Environment Minister Josh Frydenberg is reportedly concerned: “I’m treating this seriously and am determined to get to the bottom of what has happened. I look forward to receiving recommendations as to how we can ensure that the public’s confidence in climate data is maintained.”
The Minister may want to take into consideration the following note on Marohasy’s website: “David Jones is the Manager of Climate Monitoring and Prediction services at the Bureau … is on record stating that: “Truth be known, climate change here is now running so rampant that we don’t need meteorological data to see it.”

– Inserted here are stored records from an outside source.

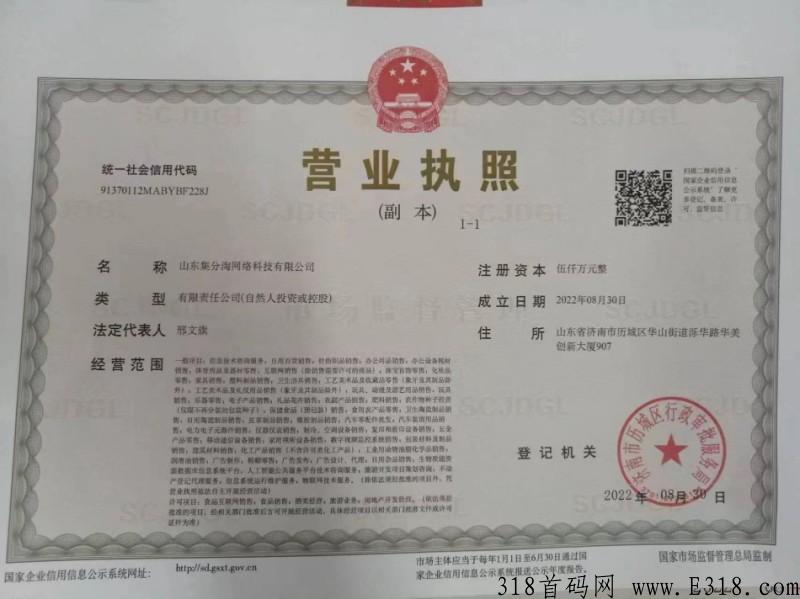 集分淘，即将上线，实体公司跨年项目，政策高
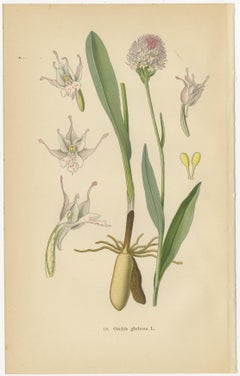 Historical Flora: Orchids of 1904 in Art and Science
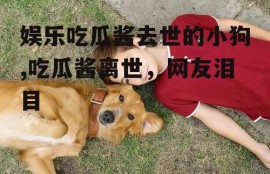 娱乐吃瓜酱去世的小狗,吃瓜酱离世，网友泪目
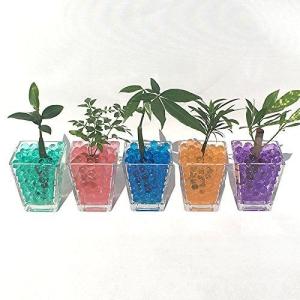 ゼリーボール観葉植物 種 種子 の商品一覧 花 ガーデニング 通販 Yahoo ショッピング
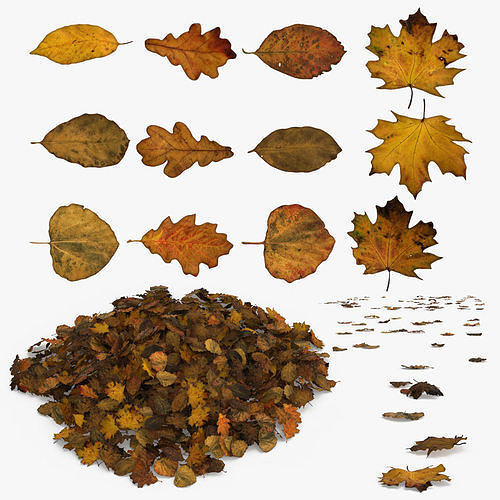 Autumn Old Leaves Trash Low-poly 3D model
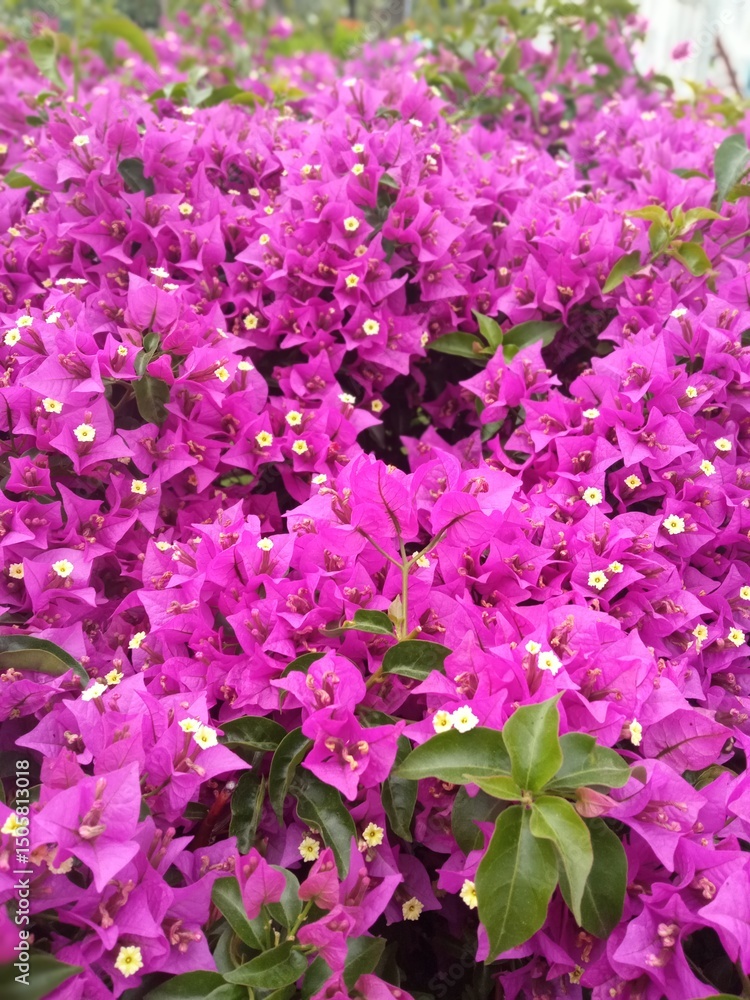 Fototapeta premium luxurious, brightly colored shrubs called Bougainvillea.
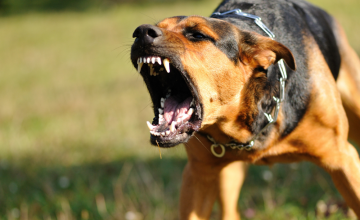 Preventing Dog Attacks While Outdoors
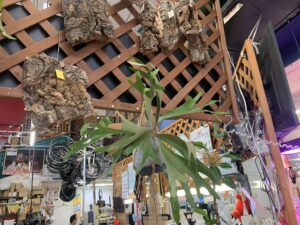 遺品整理 家電家具無料出張買取 リサイクルショップ 愛品館千葉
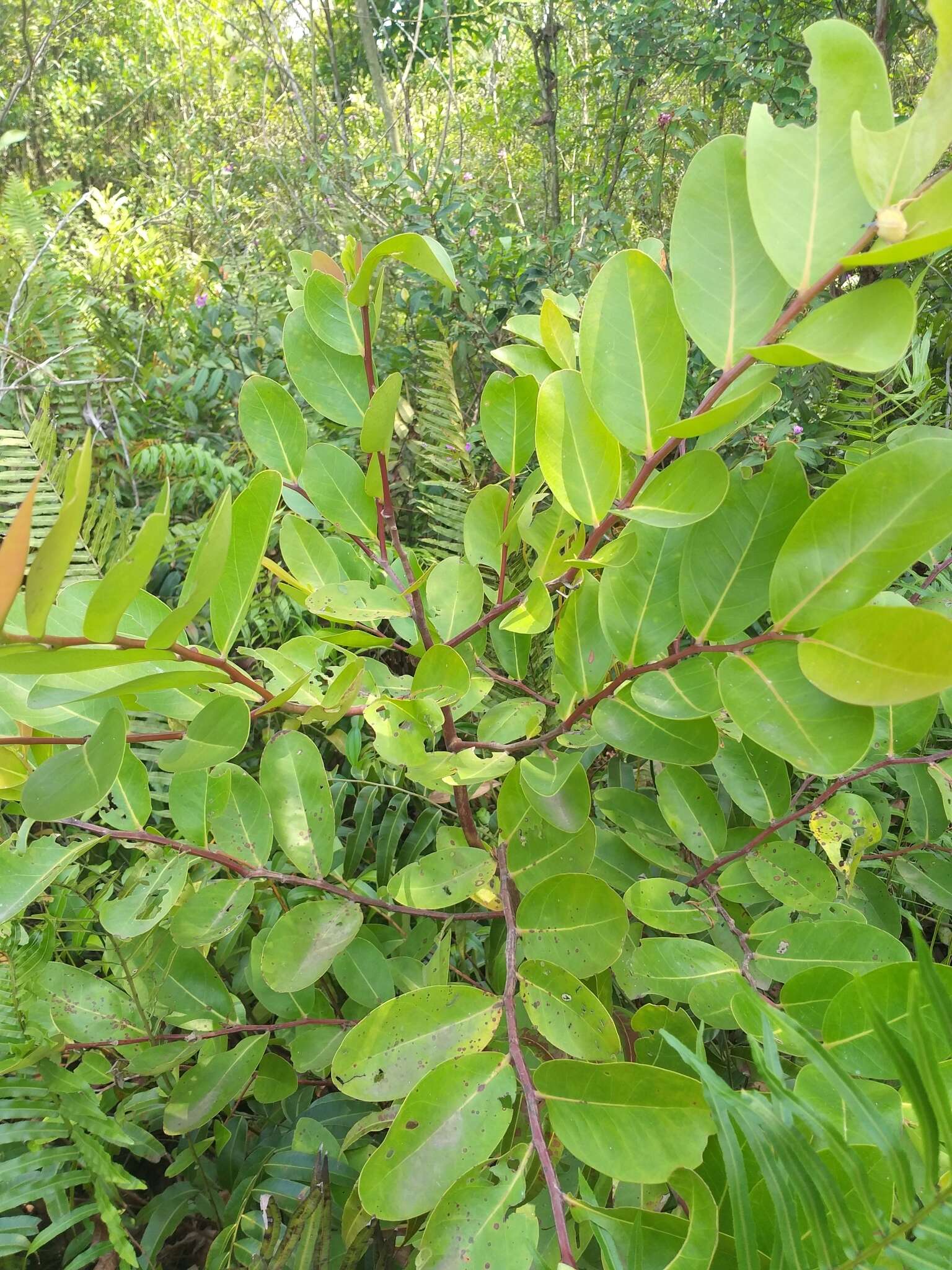 Image of Combretocarpus rotundatus (Miq.) Danser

‘global temperature data unreliable’
It’s not just our BoM; in fact, all the “global temperature data being used to propagate warming theories is essentially unreliable. It’s all a bit of a farce, really,” says Melbourne based climate data analyst John McLean, who is finalising his PhD thesis on the subject.
He describes carbon dioxide emission mitigation policies as “a solution in search of a problem.”
His lack of confidence in climate data grew out of the many weaknesses and failures of data since 1850 being used to underpin conclusions, for example:
* For the first four years of the accepted temperature record (1850-1853), in the Southern Hemisphere a single observation station, on the west coast of Indonesia, reported data.
* During the 1860s and 1870s Western Europe supplied a high proportion of Northern Hemisphere data despite being a very small proportion of the total area. Europe was still emerging from the Little Ice Age at the time so warming is hardly a surprise.
* It’s not until about 1950 that there is regularly more than 50% coverage of both hemispheres and it was as late as the 1970s that sea surface temperature (SST) data was regularly available for some parts of the Pacific.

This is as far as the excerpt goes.